Il faut environ cinq ans pour que le corps se répare totalement des dommages subis lors d’un burnout. La reprise du travail peut se faire avant mais combien voit-on de personnes s’arrêter à peine quelques mois, et s’empresser de reprendre une activité et d’oublier ce « passage à vide » ? Dans burnout il y a brûlure, combustion. Quelque chose en soi a été réduit en cendres, est parti en fumée. Il faut du temps pour se réparer, se reconnecter, retisser des liens avec soi. Le burnout est parfois une formidable opportunité pour remettre les compteurs à zéro et cesser cette fuite en avant. Nous ne pouvons pas nous fuir éternellement nous-mêmes, ce qui est nié en nous va continuer, légitimement, à demander à exister.
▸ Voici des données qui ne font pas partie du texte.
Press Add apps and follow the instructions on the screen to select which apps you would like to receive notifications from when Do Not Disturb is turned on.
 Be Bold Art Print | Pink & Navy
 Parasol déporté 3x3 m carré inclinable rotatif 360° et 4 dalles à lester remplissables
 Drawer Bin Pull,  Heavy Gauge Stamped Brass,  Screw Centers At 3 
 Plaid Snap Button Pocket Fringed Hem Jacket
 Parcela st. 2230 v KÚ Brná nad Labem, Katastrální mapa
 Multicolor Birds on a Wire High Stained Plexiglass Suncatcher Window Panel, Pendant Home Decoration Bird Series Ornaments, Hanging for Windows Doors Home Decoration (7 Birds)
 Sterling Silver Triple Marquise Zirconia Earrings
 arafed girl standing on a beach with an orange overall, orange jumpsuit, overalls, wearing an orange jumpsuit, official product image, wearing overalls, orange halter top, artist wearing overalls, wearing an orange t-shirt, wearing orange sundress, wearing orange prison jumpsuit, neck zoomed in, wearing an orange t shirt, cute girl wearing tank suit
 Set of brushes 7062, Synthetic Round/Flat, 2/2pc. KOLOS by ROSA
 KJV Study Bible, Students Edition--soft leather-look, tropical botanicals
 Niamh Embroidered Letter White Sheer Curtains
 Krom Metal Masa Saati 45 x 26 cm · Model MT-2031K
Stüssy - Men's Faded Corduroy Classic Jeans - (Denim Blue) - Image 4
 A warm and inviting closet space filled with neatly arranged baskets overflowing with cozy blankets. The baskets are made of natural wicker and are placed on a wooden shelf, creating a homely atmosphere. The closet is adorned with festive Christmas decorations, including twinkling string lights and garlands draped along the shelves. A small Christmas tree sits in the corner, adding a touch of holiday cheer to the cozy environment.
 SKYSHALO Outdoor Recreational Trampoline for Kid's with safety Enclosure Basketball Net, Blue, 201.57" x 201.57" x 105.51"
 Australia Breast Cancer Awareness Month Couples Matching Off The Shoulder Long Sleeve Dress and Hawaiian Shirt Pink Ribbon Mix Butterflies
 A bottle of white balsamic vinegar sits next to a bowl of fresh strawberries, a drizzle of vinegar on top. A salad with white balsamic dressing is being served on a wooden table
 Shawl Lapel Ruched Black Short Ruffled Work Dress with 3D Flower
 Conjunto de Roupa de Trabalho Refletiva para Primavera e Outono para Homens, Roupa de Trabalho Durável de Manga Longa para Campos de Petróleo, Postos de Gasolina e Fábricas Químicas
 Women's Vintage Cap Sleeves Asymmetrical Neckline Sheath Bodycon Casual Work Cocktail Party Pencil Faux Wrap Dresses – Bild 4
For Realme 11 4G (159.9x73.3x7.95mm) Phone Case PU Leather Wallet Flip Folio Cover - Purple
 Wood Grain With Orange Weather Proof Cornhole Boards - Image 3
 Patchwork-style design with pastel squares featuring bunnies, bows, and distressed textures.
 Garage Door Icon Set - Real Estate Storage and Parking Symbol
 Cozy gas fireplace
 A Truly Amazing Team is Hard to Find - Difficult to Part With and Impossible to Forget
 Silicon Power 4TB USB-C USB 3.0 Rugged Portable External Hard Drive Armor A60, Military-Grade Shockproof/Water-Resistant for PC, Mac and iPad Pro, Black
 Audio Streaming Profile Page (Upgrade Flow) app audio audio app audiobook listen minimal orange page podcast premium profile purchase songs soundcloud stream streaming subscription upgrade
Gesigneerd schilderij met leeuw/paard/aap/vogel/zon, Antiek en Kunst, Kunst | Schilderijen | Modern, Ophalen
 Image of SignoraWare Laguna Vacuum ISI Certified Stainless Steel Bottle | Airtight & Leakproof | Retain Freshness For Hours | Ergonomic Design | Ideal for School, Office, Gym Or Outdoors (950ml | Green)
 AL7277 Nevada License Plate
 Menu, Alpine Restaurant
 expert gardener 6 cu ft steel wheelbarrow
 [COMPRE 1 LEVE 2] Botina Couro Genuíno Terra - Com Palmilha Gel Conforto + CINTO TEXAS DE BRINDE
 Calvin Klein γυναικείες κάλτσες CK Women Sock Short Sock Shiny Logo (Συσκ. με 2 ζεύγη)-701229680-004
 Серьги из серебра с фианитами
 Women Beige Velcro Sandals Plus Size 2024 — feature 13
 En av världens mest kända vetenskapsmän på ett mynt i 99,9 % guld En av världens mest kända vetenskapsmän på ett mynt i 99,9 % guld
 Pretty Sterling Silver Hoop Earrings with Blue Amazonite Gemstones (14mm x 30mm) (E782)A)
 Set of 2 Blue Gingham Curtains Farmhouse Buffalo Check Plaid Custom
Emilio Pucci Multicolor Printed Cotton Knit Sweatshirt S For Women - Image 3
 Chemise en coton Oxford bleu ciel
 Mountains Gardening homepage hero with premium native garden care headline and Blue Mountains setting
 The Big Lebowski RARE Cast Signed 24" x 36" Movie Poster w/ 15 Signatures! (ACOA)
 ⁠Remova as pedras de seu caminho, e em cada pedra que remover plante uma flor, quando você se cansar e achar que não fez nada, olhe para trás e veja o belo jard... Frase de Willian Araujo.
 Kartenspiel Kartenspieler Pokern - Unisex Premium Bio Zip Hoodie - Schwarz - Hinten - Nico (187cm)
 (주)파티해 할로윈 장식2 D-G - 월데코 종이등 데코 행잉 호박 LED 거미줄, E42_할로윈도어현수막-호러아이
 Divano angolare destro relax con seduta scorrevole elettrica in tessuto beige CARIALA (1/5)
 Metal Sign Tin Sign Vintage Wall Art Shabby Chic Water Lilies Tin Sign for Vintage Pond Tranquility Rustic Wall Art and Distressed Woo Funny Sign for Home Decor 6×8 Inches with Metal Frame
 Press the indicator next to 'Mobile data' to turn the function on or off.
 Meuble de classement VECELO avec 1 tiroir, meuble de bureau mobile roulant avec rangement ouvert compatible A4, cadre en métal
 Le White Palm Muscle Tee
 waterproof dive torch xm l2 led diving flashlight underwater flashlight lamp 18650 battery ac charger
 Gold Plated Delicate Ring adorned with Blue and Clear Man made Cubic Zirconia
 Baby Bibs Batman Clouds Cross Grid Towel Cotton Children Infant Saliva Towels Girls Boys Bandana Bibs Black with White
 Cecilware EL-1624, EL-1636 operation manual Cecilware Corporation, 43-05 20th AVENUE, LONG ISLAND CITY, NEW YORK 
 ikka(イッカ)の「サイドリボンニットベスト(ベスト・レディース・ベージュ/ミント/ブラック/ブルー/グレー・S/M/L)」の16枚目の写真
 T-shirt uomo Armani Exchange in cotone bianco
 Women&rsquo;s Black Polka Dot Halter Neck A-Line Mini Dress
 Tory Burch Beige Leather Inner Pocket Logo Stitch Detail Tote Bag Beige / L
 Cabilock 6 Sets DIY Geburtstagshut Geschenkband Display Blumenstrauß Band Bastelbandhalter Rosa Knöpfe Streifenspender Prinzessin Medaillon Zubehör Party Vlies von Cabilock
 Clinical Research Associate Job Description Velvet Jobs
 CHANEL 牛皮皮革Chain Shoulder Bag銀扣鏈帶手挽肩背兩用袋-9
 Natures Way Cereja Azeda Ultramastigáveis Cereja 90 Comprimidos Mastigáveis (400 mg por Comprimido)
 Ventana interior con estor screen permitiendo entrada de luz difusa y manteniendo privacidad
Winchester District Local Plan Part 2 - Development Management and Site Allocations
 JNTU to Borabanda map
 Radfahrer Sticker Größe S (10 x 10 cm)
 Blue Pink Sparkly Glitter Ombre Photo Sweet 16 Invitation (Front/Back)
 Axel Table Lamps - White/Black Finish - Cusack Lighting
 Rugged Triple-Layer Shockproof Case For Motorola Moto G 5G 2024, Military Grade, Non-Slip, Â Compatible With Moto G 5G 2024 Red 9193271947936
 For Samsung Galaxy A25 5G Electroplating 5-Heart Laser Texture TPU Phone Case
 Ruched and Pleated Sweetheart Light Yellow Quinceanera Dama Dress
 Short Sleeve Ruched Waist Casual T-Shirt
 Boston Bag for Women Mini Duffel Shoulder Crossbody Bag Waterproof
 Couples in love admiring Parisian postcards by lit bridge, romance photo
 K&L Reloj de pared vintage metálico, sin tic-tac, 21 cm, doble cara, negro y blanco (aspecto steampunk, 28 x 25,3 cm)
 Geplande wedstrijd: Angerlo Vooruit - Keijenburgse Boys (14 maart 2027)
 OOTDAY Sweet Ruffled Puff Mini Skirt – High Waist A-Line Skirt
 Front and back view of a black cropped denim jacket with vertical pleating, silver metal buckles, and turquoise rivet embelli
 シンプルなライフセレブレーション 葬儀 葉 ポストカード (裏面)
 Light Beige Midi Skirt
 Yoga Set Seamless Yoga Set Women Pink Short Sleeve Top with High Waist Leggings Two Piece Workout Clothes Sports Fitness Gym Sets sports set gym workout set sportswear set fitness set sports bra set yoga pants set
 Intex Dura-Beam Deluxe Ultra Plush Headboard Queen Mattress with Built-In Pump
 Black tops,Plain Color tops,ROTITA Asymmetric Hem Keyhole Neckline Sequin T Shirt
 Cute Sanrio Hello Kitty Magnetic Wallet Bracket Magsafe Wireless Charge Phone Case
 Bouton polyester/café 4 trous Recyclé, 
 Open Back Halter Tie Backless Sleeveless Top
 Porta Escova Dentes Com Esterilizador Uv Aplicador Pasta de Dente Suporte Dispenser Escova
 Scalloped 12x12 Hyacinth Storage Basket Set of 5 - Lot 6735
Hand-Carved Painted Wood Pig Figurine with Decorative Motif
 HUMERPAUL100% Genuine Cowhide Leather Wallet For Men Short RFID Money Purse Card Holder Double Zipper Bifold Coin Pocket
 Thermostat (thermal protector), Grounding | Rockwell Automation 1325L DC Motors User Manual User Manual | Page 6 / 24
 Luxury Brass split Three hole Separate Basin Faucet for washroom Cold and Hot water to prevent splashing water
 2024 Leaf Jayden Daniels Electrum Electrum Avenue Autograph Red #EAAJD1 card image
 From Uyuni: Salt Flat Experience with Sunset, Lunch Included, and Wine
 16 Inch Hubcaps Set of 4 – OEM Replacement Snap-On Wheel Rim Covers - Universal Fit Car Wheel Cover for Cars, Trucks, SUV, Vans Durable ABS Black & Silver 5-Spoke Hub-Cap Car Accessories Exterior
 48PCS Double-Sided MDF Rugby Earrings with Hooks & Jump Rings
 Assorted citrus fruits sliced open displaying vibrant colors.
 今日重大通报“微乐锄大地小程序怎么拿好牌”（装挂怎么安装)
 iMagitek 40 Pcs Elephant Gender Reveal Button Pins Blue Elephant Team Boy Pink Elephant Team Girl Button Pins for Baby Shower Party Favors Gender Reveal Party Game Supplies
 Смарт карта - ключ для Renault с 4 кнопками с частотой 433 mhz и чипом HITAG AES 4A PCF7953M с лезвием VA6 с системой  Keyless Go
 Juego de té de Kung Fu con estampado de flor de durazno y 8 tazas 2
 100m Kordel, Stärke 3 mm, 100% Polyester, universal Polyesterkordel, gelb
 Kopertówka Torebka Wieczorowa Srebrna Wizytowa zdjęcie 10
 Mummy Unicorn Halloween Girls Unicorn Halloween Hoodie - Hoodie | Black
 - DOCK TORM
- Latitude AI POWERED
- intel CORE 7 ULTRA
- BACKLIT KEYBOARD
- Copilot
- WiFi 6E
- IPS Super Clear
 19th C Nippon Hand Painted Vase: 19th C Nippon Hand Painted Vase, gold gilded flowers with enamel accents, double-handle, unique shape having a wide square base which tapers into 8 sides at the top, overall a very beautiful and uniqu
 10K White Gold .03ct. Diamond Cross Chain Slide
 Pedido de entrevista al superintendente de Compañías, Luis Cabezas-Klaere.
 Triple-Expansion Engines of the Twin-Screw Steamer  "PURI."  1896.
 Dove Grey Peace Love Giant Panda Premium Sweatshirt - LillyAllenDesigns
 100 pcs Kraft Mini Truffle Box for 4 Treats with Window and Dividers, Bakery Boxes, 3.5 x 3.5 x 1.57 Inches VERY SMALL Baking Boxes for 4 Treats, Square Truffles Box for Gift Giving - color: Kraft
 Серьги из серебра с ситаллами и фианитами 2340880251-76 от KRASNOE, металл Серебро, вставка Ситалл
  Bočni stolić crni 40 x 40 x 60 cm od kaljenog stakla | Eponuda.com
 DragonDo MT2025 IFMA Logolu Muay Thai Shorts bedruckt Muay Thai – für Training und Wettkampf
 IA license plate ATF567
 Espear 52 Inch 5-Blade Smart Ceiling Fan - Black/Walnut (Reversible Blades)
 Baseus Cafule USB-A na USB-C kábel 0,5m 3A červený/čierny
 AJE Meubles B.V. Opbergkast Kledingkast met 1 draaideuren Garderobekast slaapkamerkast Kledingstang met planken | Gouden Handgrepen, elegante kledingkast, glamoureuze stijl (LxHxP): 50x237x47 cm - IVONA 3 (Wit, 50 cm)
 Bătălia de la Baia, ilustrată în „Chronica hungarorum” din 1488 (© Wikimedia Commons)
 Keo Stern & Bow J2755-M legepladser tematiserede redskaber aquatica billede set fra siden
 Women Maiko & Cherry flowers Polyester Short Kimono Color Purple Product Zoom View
L’entreprise et sa culture
Nous devrions globalement interroger la valeur travail que nous alimentons. Aux États-Unis les heures passées au bureau en dehors de celles mentionnées sur le contrat de travail sont mal considérées. La culture d’entreprise américaine va en effet estimer que l’employé montre qu’il n’est pas en capacité d’effectuer le travail demandé dans le temps imparti. En France en revanche les heures sup’ sont bien vues. Trop peut-être. C’est parfois une obligation de rester tard à son poste, n’ayant plus rien à faire, plutôt que de déserter l’entreprise aux heures contractuelles. Il ne faut surtout pas être le premier ou la première à partir ! Il faut montrer que l’on travaille, quitte à faire semblant si nécessaire, mais surtout ne pas avoir l’air pressé de s’en aller (parce qu’on a une vie à vivre par exemple). Tant que nous valoriserons les marche ou crève au travail, fiers de trop en faire, et que nous les érigerons en modèles, nous nous exposerons à des abus et à de la souffrance.
Heureusement pour nous, la nouvelle génération qui pénètre le marché de l’emploi ne se laisse plus faire. Pour exemple le nombre de stagiaires abandonnant leur fonctions jugées inadaptées ou dévalorisantes a fortement augmenté ces dernières années. Finies les photocopies et les cafetières à préparer. Les jeunes ne marchent plus dans l’exploitation de ce jeu de dupe. Ils veulent du sens, se sentir utiles, avoir du temps pour eux, pour vivre autre chose. Travailler pour vivre et non pas vivre pour travailler.